▸ Problem statement
From the material below, retype exactly the lines that begin at the line with "Hardcore MMA Чурчаев" and end after the line with "コンビニ　ローソン勝どき四丁目店（コンビニ）まで81m"; pictures stay out of the copy.

▸ Entries supplied
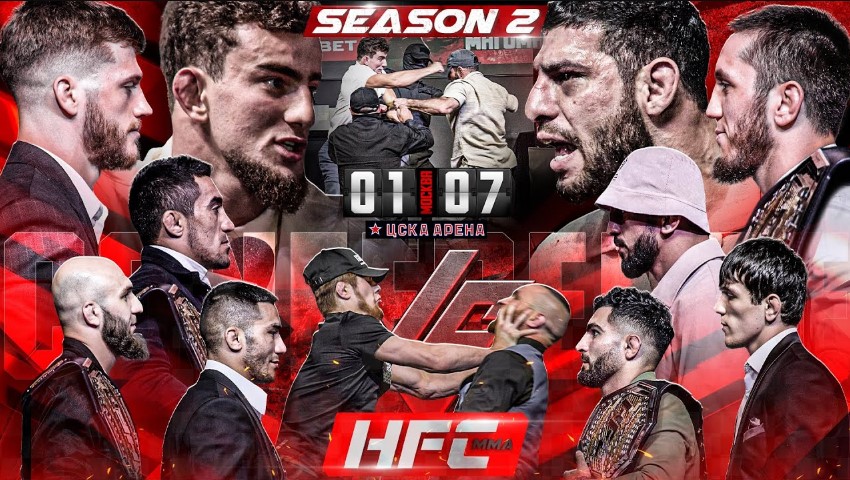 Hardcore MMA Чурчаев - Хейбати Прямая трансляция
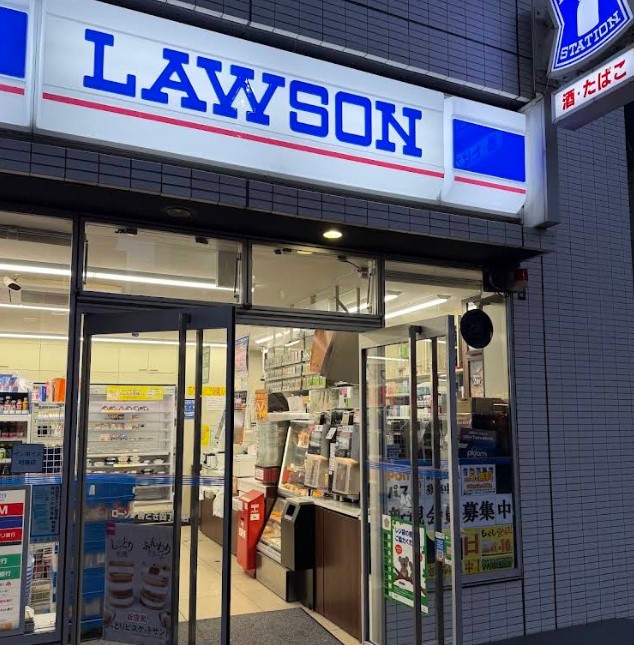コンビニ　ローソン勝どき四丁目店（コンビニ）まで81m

---

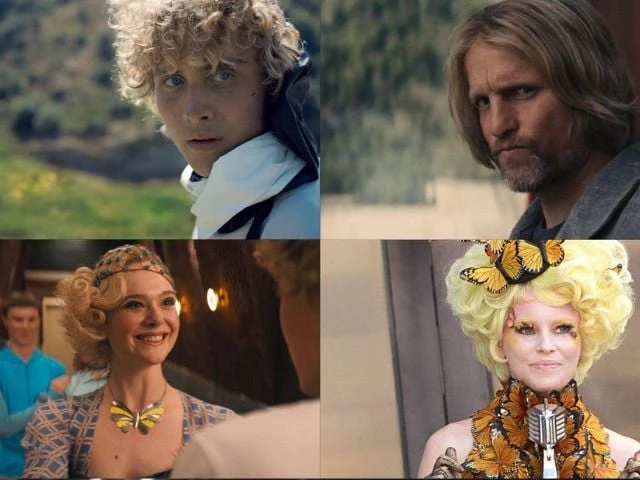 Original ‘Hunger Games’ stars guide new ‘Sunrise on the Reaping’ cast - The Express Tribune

* * *

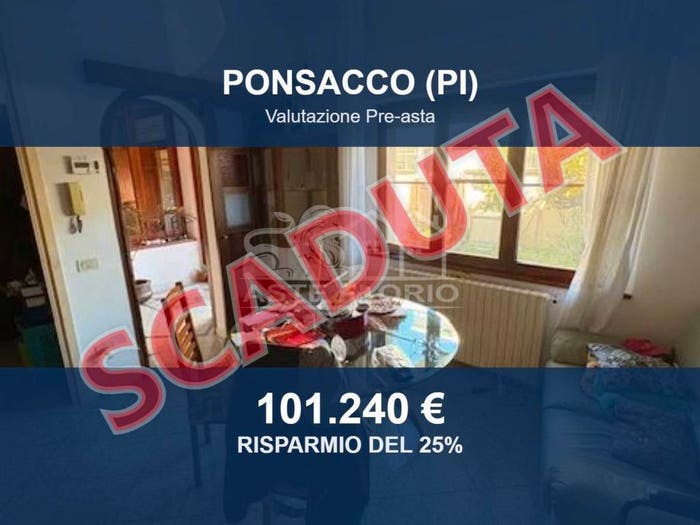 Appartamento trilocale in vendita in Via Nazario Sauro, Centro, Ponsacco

▸ Task response
 Hardcore MMA Чурчаев - Хейбати Прямая трансляция
コンビニ　ローソン勝どき四丁目店（コンビニ）まで81m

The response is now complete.